AIM OF THE TASK:
Below is a block of records; repeat all of them exactly.

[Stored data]

※ ※ ※

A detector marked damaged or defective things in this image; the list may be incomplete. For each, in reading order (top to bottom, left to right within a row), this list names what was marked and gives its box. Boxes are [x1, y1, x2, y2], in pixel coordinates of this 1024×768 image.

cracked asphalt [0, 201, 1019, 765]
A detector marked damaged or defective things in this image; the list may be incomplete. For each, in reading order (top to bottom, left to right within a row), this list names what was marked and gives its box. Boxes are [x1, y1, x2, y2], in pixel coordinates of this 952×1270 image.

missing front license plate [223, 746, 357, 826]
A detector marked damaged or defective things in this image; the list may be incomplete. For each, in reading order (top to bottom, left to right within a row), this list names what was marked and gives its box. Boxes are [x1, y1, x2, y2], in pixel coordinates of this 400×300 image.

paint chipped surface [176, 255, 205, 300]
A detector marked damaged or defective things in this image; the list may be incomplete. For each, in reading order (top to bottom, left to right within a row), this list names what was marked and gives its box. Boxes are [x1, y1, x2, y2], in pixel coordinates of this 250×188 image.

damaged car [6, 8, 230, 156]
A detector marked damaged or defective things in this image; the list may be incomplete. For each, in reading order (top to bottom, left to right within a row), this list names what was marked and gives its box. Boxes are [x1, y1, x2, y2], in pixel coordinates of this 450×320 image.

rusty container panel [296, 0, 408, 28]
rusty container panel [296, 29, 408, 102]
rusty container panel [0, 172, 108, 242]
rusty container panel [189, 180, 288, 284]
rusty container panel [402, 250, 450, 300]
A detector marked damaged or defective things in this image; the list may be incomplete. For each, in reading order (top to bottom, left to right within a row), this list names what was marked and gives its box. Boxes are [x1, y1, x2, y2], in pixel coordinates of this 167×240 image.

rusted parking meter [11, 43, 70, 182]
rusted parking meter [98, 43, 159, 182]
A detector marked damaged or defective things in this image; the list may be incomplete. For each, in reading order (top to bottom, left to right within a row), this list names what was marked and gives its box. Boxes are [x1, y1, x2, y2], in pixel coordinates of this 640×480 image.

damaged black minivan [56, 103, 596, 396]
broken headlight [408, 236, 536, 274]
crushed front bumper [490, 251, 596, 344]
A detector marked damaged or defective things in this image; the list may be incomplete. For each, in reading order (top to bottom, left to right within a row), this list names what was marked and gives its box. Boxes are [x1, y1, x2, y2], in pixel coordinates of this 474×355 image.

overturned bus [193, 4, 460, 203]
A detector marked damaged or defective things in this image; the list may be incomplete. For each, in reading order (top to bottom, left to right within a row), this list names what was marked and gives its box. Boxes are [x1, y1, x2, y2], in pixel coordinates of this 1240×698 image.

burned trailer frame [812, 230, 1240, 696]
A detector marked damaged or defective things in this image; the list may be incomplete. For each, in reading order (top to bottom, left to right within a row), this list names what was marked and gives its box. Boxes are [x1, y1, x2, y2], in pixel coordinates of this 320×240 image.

※ ※ ※

TASK ANSWER:
A detector marked damaged or defective things in this image; the list may be incomplete. For each, in reading order (top to bottom, left to right within a row), this list names what was marked and gives its box. Boxes are [x1, y1, x2, y2], in pixel coordinates of this 1024×768 image.

cracked asphalt [0, 201, 1019, 765]
A detector marked damaged or defective things in this image; the list may be incomplete. For each, in reading order (top to bottom, left to right within a row), this list names what was marked and gives its box. Boxes are [x1, y1, x2, y2], in pixel coordinates of this 952×1270 image.

missing front license plate [223, 746, 357, 826]
A detector marked damaged or defective things in this image; the list may be incomplete. For each, in reading order (top to bottom, left to right within a row), this list names what was marked and gives its box. Boxes are [x1, y1, x2, y2], in pixel coordinates of this 400×300 image.

paint chipped surface [176, 255, 205, 300]
A detector marked damaged or defective things in this image; the list may be incomplete. For each, in reading order (top to bottom, left to right within a row), this list names what was marked and gives its box. Boxes are [x1, y1, x2, y2], in pixel coordinates of this 250×188 image.

damaged car [6, 8, 230, 156]
A detector marked damaged or defective things in this image; the list may be incomplete. For each, in reading order (top to bottom, left to right within a row), this list names what was marked and gives its box. Boxes are [x1, y1, x2, y2], in pixel coordinates of this 450×320 image.

rusty container panel [296, 0, 408, 28]
rusty container panel [296, 29, 408, 102]
rusty container panel [0, 172, 108, 242]
rusty container panel [189, 180, 288, 284]
rusty container panel [402, 250, 450, 300]
A detector marked damaged or defective things in this image; the list may be incomplete. For each, in reading order (top to bottom, left to right within a row), this list names what was marked and gives its box. Boxes are [x1, y1, x2, y2], in pixel coordinates of this 167×240 image.

rusted parking meter [11, 43, 70, 182]
rusted parking meter [98, 43, 159, 182]
A detector marked damaged or defective things in this image; the list may be incomplete. For each, in reading order (top to bottom, left to right within a row), this list names what was marked and gives its box. Boxes are [x1, y1, x2, y2], in pixel coordinates of this 640×480 image.

damaged black minivan [56, 103, 596, 396]
broken headlight [408, 236, 536, 274]
crushed front bumper [490, 251, 596, 344]
A detector marked damaged or defective things in this image; the list may be incomplete. For each, in reading order (top to bottom, left to right within a row), this list names what was marked and gives its box. Boxes are [x1, y1, x2, y2], in pixel coordinates of this 474×355 image.

overturned bus [193, 4, 460, 203]
A detector marked damaged or defective things in this image; the list may be incomplete. For each, in reading order (top to bottom, left to right within a row), this list names what was marked and gives its box. Boxes are [x1, y1, x2, y2], in pixel coordinates of this 1240×698 image.

burned trailer frame [812, 230, 1240, 696]
A detector marked damaged or defective things in this image; the list may be incomplete. For each, in reading order (top to bottom, left to right within a row), this list names what was marked and gives its box. Boxes are [x1, y1, x2, y2], in pixel coordinates of this 320×240 image.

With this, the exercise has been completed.